Archaeologists have discovered a tomb and chariot of an Iron Age Celtic prince in Lavau, eastern France, according to Daily Mail Online.
The ancient Celtic prince is buried with his chariot at the center of a large mound which measures about 130 feet across. The 2,500-year-old lavish tomb is filled with remarkable grave goods. A team from the National Archaeological Research Institute (Inrap) has been excavating the site since October 2014.

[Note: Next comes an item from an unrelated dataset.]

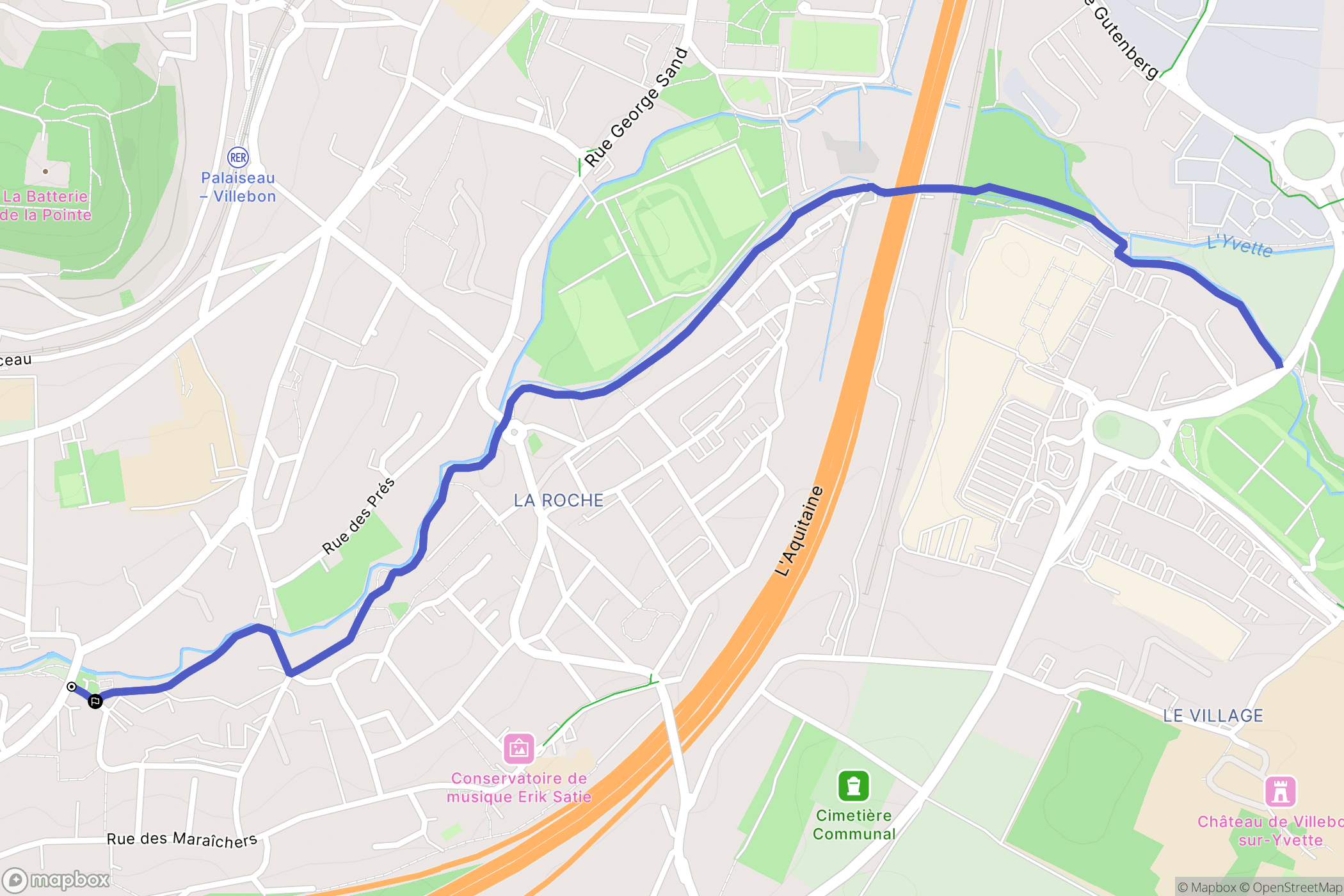 Villebon-sur-Yvette : carte du parcours de randonnée - France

An INRAP press release said
In the center of a tumulus 40 m in diameter, the deceased and his chariot lay in the center of a vast, 14 metre square funerary chamber, one of the largest recorded by archaeologists for this period at the end of the Iron Age (Hallstatt period). Under the levels of the collapsed tumulus, the tomb contained grave goods representative of the highest status of Hallstattian elites. [ INRAP PDF ]

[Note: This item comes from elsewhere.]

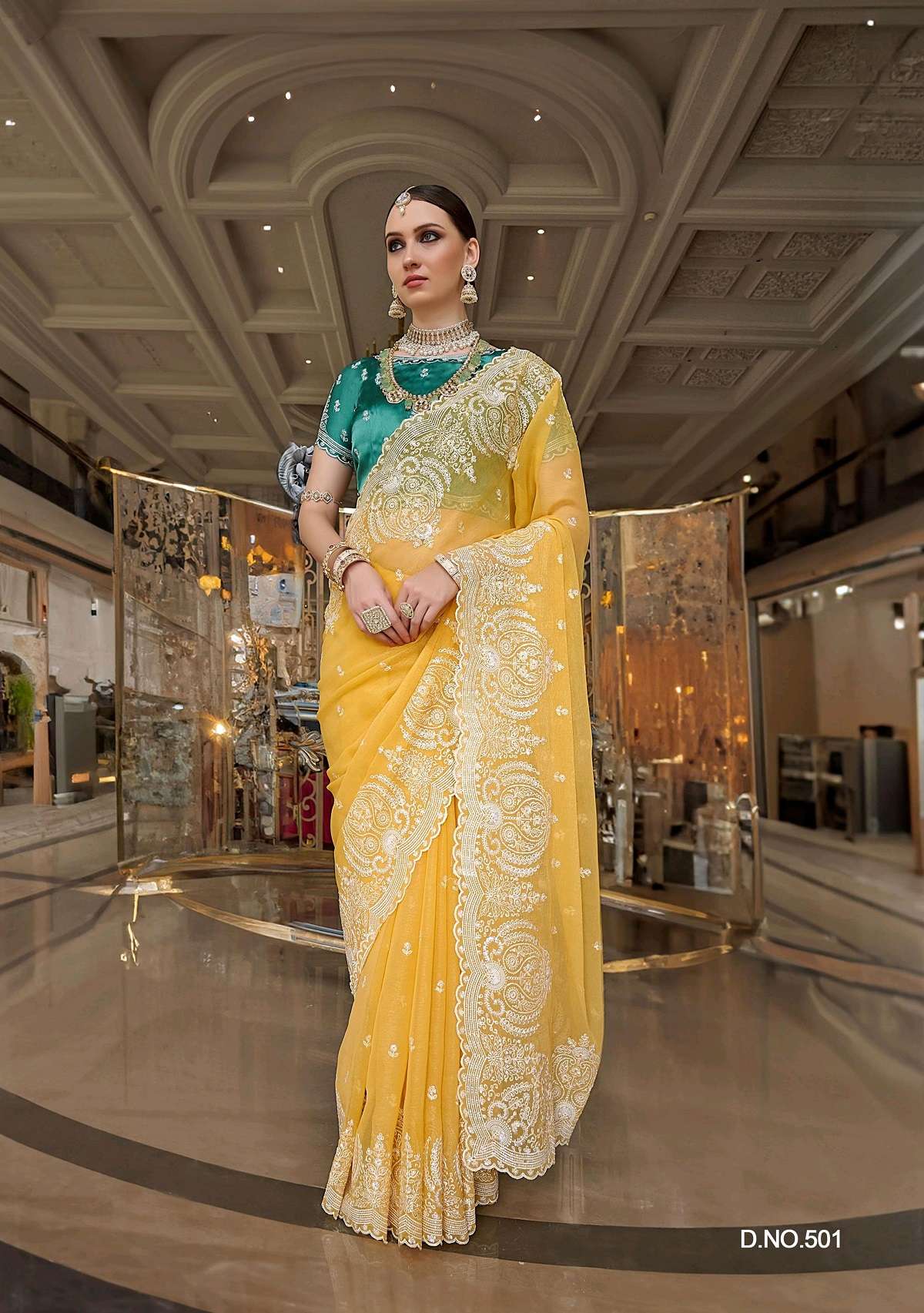 DESIGNER FANCY WEDDING PARTY WEAR TISSUE SILK HEAVY YELLOW SAREE DESIGNER COLLECTION SM KALAJAMUN 501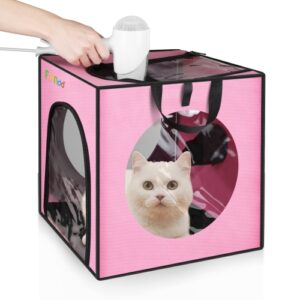 FUNADD Pet Bad Tørkeboks Bærbar Sammenleggbar Tørkerbur, Egnet for Kjæledyr opptil 5 kg (Rosa)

The most interesting find was a huge bronze wine cauldron. Its four circular handles are decorated with the heads of the Greek deity Acheloos. The edge of the bronze cauldron is decorated with eight lioness heads.
Inside the one-meter diameter cauldron is a ceramic wine jug that is decorated with black figures and images of the Greek god of wine, Dionysus. Apart from the cauldron, researchers found a perforated silver spoon and remains of an iron wheel belonging to the chariot.
According to the National Archaeological Research Institute, the discovery of the French tomb will shed light on Iron Age European trade. Archaeologists said that excavation at the site will be finished by the end of March.
This location was both a funerary space and a memorial that lasted for centuries, starting somewhere between 1300 to 800 BC, according to the researchers. Incineration tombs, burial mounds and trenches were created at that time – the end of the bronze age. It was still in use during the Gallo-Roman era, at which time the trenches were emptied and antique graves were used.